Roche wies zurück, dass das Medikament die Ursache dafür sei und verwies darauf, dass es keine wissenschaftlichen Beweise für die Behauptung gebe.

“Die Ursache von entzündlichen Darmkrankheiten bleibt unbekannt und es gibt keinen verlässlichen wissenschaftlichen Nachweis, dass Accutane Darmentzündungen verursacht”, schreibt Roche in einer Mitteilung.

Nur von spezialisierten Ärzten verschrieben

In der Schweiz ist das Mittel unter dem Namen Roaccutan im Handel. Seine Abgabe unterliegt einer verschärften Rezeptpflicht, ein ärztliches Rezept gilt also nur für eine einmalige Abgabe. Es darf nur von spezialisierten Ärzten verschrieben und für anders nicht behandelbare chronische Akne eingesetzt werden.

Während rund 20 Jahren war es eines der populärsten Produkte des Basler Pharmamultis. Heute existiert es auch als Generikum.

Das seit 1982 vertriebene Roaccutan steht seit langem in der Kritik. Rund 400 Gerichtsverfahren sind allein in den USA hängig, doch ist jetzt in New Jersey zum ersten Mal ein Urteil gefällt worden.

Schwere Nebenwirkungen

Nicht nur in den USA, sondern auch in europäischen Ländern, darunter die Schweiz, wird kritisiert, dass das Medikament schwere Nebenwirkungen zeige. Roaccutane habe einen Einfluss auf die Psyche, könne Panikattacken verursachen, die Neigung zu Magersucht oder Selbstmord verstärken.

Bis heute wurden im Zusammenhang mit dem Medikament in der Schweiz 6 und in den USA 190 Selbstmord-Fälle gemeldet.

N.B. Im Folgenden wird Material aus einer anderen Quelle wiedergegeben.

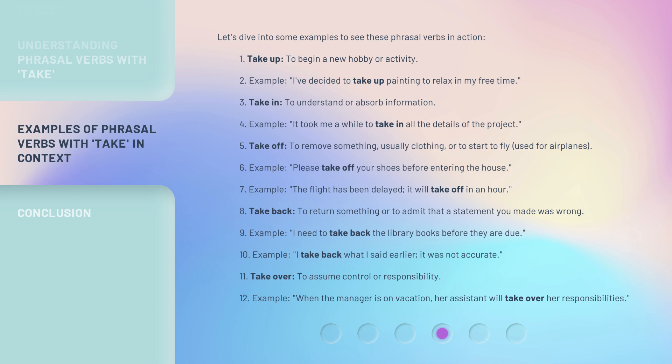'Take back' means to return something, or to admit that a statement you made was wrong. Example: I need to take back the library books before they are due. Example: I take back what I said earlier — it was not accurate.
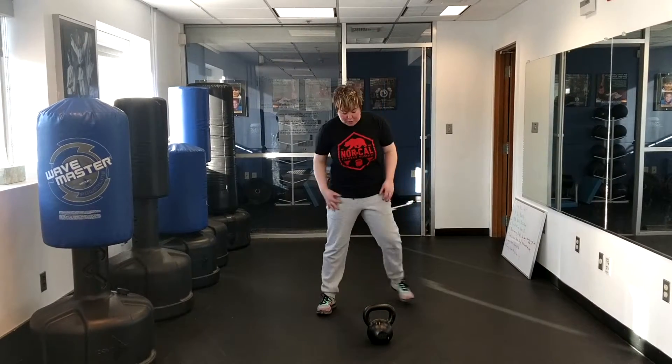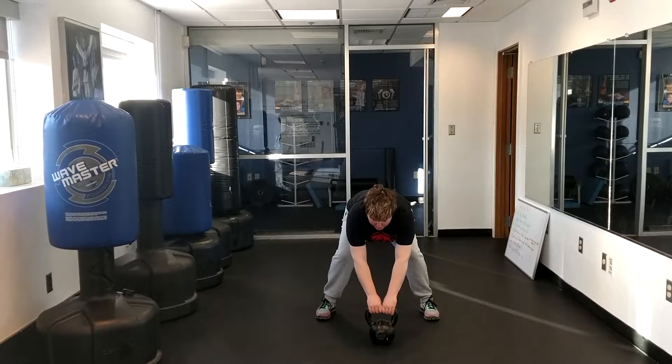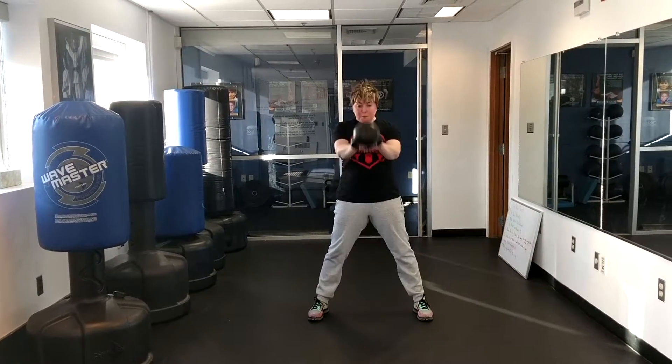So here we go — the kettlebell swing. We want to set it up about six inches in front of you. You're going to get into that hip hinge, then we're hiking back, exploding up.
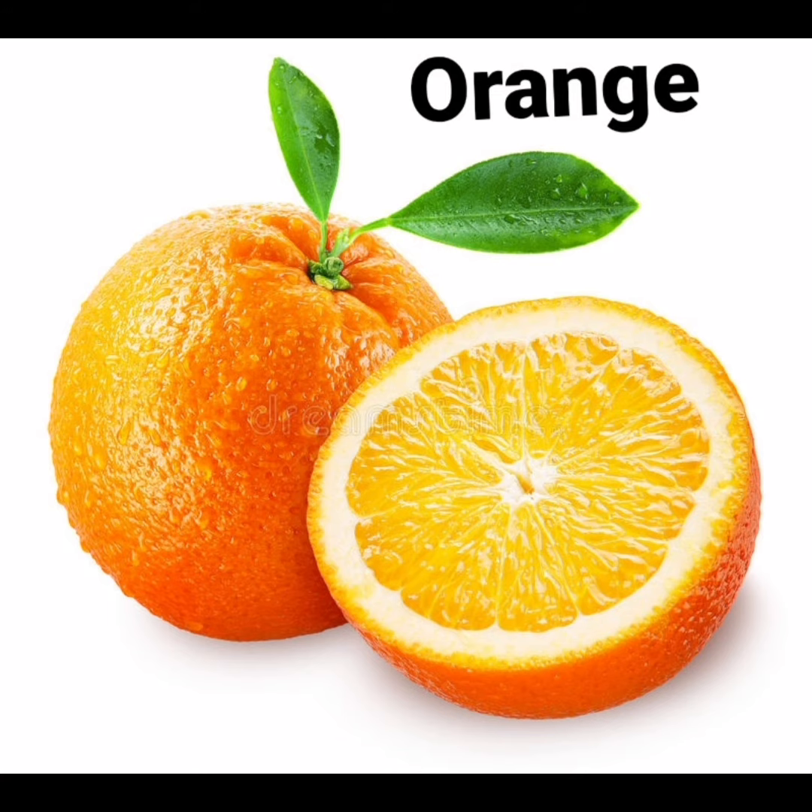What is this? This is an orange. What is the spelling of orange? O-R-A-N-G-E, orange.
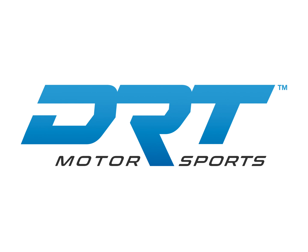Hey guys, I'm Landon with DRT Motorsports. We're proud to be introducing our 2024 Maverick R front fender set.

Für Roche ist das Medikament gemäss Analysten wegen grosser Generika-Konkurrenz wirtschaftlich von stark sinkender Bedeutung.

swissinfo und Agenturen

Roche wurde 1896 in Basel gegründet. Kerngeschäft sind Pharma und Diagnostik.
Der Konzern ist Nummer eins im globalen Diagnostik-Markt und führender Anbieter von Krebs- und Transplantations-Medikamenten.
Umsatz 2006: 42 Mrd. Franken
Gewinn: 9,2 Mrd. Fr. (+17% gegenüber Vorjahr)
Netto-Liquidität: 16 Mrd. Fr.
Mitarbeitende weltweit: 74’372
Mitarbeitende Schweiz: 7860

Accutane ist der Handelsname von Roaccutan in den USA. Das Mittel enthält den Wirkstoff Isotretinoin.

Roaccutan ist eine dem Vitamin A verwandte Substanz und darf nur auf ärztliche Verschreibung verwendet werden.

Roaccutan / Accutane wird zur Behandlung von schwerer Akne eingesetzt.

Es darf unter keinen Umständen von schwangeren Frauen eingenommen werden, da es zu schweren Missbildungen des ungeborenen Kindes führen kann.